R ⁵be selected from lower group, this group is made up of the following: methyl and chlorine;

R ⁴be selected from lower group, this group is made up of the following: cyclopropyl and CH ₂cF ₃;

Z is CH or N.

9. compound according to claim 1, wherein

Het is the heterocycle that one has chemical formula (b-1) or (c-1)

Wherein R ^1band R ^1cit is chlorine or bromine.

10. compound according to claim 1, wherein this compound is selected from lower group, and this group is made up of the following

And its tautomer and stereoisomeric forms in any ratio,

And its pharmaceutically acceptable addition salt and solvate.

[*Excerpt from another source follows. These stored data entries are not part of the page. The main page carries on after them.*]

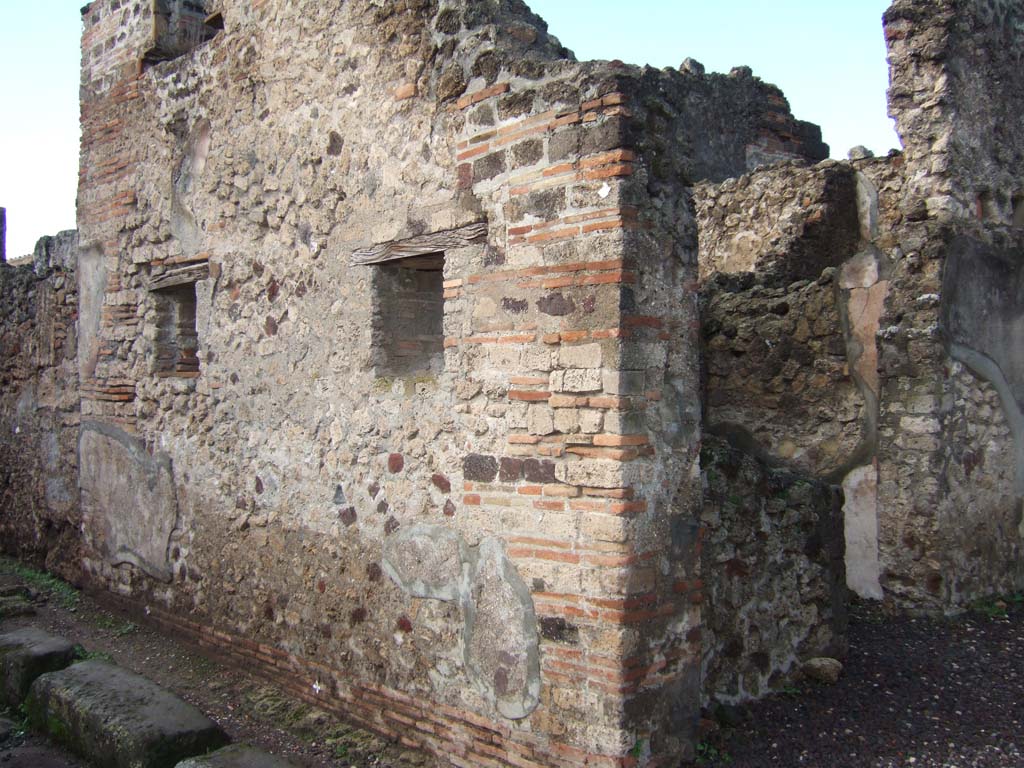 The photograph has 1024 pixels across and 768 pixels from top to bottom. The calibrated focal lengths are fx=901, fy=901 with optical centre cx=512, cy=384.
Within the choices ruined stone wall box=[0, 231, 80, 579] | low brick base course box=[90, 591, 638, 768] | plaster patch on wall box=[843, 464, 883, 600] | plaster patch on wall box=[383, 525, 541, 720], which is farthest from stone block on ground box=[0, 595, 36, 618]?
plaster patch on wall box=[843, 464, 883, 600]

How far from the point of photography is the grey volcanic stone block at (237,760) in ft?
12.2

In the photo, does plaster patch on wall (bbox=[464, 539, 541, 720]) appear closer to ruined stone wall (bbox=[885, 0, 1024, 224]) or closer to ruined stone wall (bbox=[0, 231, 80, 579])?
ruined stone wall (bbox=[885, 0, 1024, 224])

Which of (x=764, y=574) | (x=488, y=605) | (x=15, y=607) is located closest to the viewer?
(x=488, y=605)

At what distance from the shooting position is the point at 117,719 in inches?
163

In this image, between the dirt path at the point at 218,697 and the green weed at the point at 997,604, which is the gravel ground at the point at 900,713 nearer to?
the green weed at the point at 997,604

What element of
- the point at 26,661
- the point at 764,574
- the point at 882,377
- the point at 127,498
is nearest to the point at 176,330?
the point at 127,498

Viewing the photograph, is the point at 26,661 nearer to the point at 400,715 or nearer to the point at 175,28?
the point at 400,715

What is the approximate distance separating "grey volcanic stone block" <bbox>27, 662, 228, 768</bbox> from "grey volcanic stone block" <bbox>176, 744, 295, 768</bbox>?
22cm

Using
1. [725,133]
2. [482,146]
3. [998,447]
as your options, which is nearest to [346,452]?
[482,146]

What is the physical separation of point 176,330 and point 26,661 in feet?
7.43

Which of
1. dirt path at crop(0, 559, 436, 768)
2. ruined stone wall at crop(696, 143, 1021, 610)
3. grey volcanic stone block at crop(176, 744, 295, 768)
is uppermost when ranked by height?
ruined stone wall at crop(696, 143, 1021, 610)

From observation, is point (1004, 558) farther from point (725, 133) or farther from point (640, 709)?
point (725, 133)

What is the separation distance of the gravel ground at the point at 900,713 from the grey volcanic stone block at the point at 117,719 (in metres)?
2.28

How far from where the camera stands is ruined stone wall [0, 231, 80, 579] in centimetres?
712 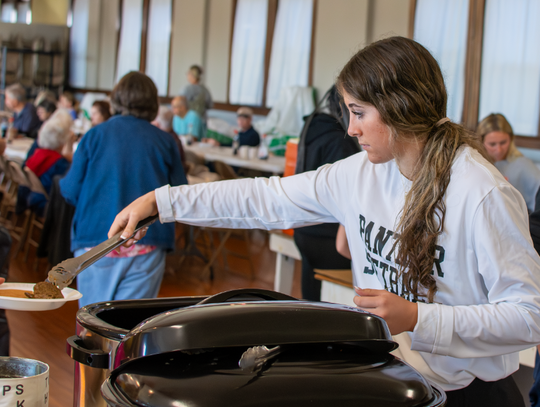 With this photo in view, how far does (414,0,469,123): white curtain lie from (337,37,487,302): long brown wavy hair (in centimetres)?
566

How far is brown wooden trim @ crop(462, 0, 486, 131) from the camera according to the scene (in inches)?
243

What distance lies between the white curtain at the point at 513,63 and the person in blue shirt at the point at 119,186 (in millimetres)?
4708

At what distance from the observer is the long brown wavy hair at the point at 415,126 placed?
0.89 meters

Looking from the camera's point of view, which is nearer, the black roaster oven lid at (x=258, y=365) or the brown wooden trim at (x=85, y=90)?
the black roaster oven lid at (x=258, y=365)

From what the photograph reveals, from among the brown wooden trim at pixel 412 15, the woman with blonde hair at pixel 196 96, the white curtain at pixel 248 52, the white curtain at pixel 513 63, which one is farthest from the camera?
the white curtain at pixel 248 52

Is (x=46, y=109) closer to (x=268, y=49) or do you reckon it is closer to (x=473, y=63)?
(x=268, y=49)

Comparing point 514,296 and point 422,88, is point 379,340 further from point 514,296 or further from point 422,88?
point 422,88

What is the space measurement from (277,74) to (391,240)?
808 centimetres

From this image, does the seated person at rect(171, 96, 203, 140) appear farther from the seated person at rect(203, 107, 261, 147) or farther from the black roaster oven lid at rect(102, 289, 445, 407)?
the black roaster oven lid at rect(102, 289, 445, 407)

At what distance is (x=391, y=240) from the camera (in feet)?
3.16

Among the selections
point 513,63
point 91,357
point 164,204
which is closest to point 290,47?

11. any one of claim 1 to 10 the compound that defines, for being used as a kind of medicine.

12. 1 kinds of pharmaceutical compositions, this pharmaceutical composition comprise a kind of pharmaceutically acceptable carrier and as activeconstituents treatment significant quantity any one of claim 1 to 10 the compound that defines.

13. as compound required any one of claim 1 to 10, for using in treatment respiratory syncytial virus infection.